Speeches

Mr. President, Republicans are ready to begin debating the DHS Funding Bill.  But in order to do that, we must vote to proceed to the bill, and Democrats have blocked us from doing that.

This is simply a procedural vote.  It doesn’t mean you support or oppose the bill; it doesn’t mean you support this or that amendment; it simply means you are willing to engage in an open, transparent, and public debate about the future of Homeland Security. 

Now why would our friends across the aisle be afraid of that?

They’ll tell you that this is about who truly supports funding Homeland Security, but that’s not true and they know it.  As many of my colleagues have shown over the past three days, our bill funds Homeland Security.

The difference is that the Democrats also support the president’s incredibly unpopular and controversial action to grant amnesty to 5 million individuals here illegally who will now be eligible for work permits and entitlement benefits.

But the American people don’t support that:

  • They oppose the way President Obama went around Congress. 
  • They oppose the damage this policy will do to American workers. 
  • And they oppose the crisis it is creating at our border – as we saw last summer with so many children making that dangerous trip to get to this country.

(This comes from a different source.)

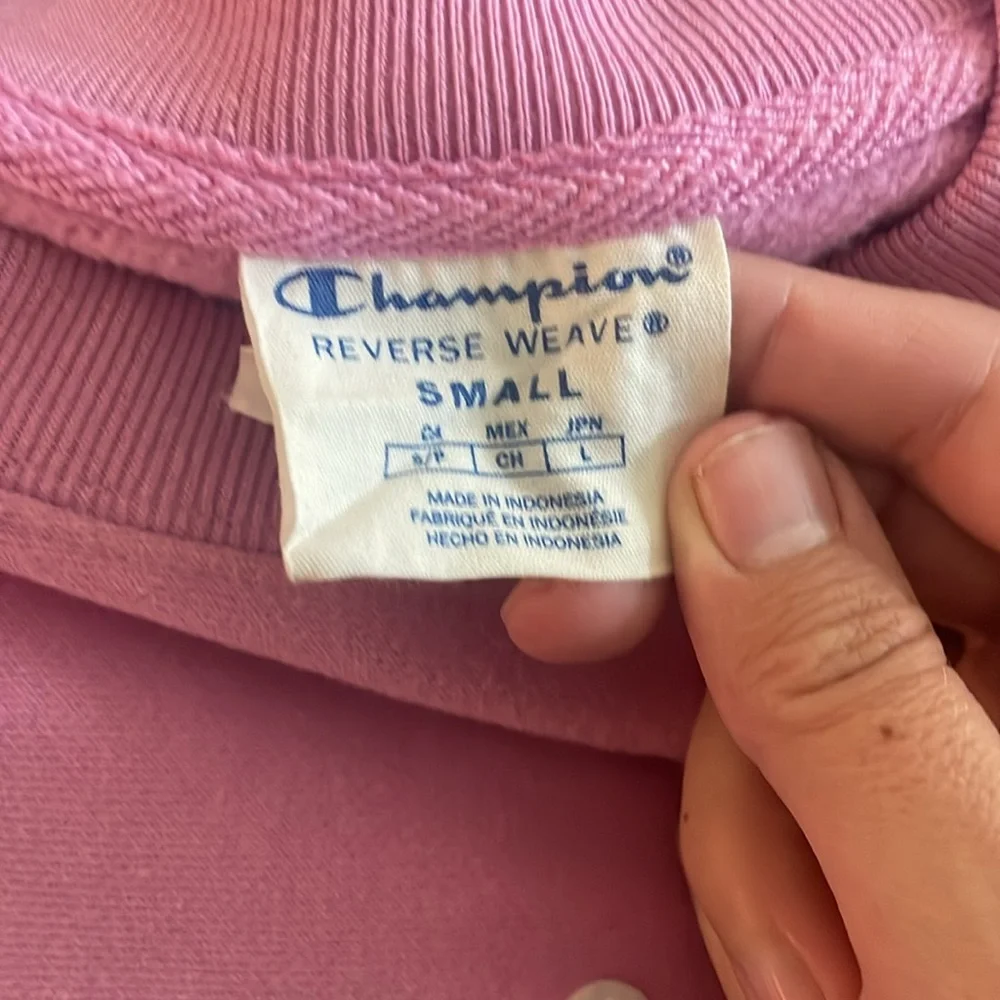 4/$10 Bundle Sale: EUC Champion Pink Crop Top Sweater - Picture 4 of 4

And now that the American people have put Republicans in charge, we are trying to keep our promise to them, do what they sent us here to do, and hold a vote on the President’s action. 

But the Democrats are afraid of taking that vote.  That’s why they refuse to even begin consideration of the bill – plain and simple.

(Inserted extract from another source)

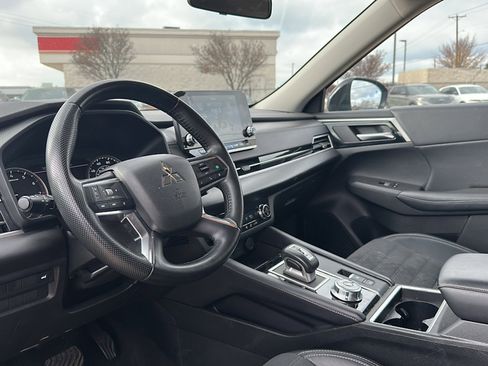 Used 2024 Mitsubishi Outlander SE image 9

This effort to try and hide from the American people is embarrassing.

Democrats say they have an alternative bill and that we should pass it immediately. There are two problems with that approach.

First – That may have been the way the Senate worked under the previous majority – writing bills in back rooms, waiting until the last minute to make them public, filling the tree, no amendments, no debate, and ramming the bill through without any input from the American people.

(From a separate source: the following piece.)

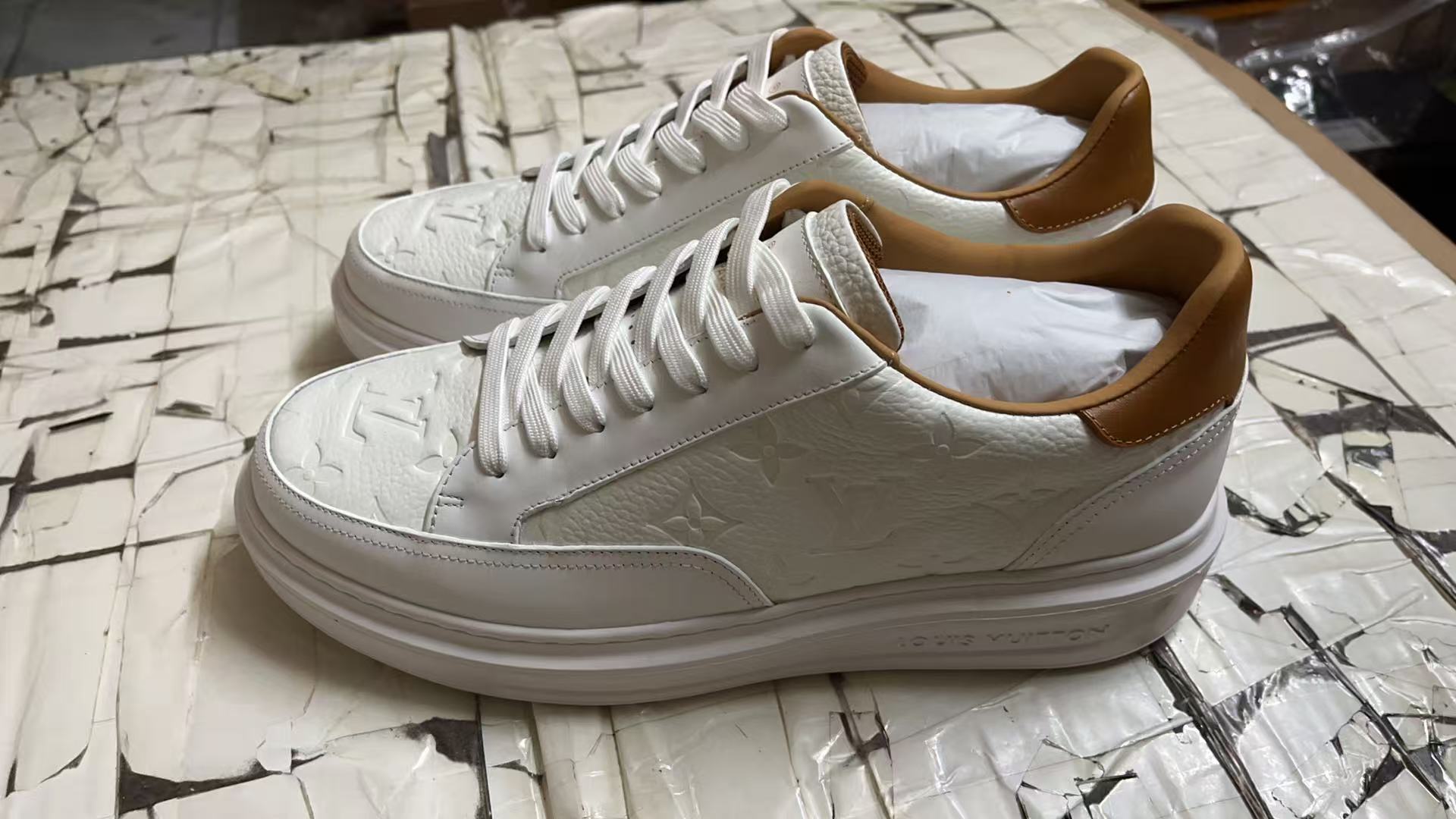 LV Shoes(AAA)-1150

But that’s is not the way the Senate is supposed to work, and it’s not the way the Senate will work in a Republican majority.

And second – traditionally, appropriations bills don’t start in the Senate.  In fact, the House has not considered a Senate-originated appropriations bill for over 100 years, since at least 1901, the period for which records are readily available

And unfortunately for them, the bill the Democrats want is not supported in the House because it’s not supported by the American people.

Mr. President, It’s time to stop delaying democracy; it’s time to stop hiding from the American people. 

Let’s have a vote.  Then let’s have a debate.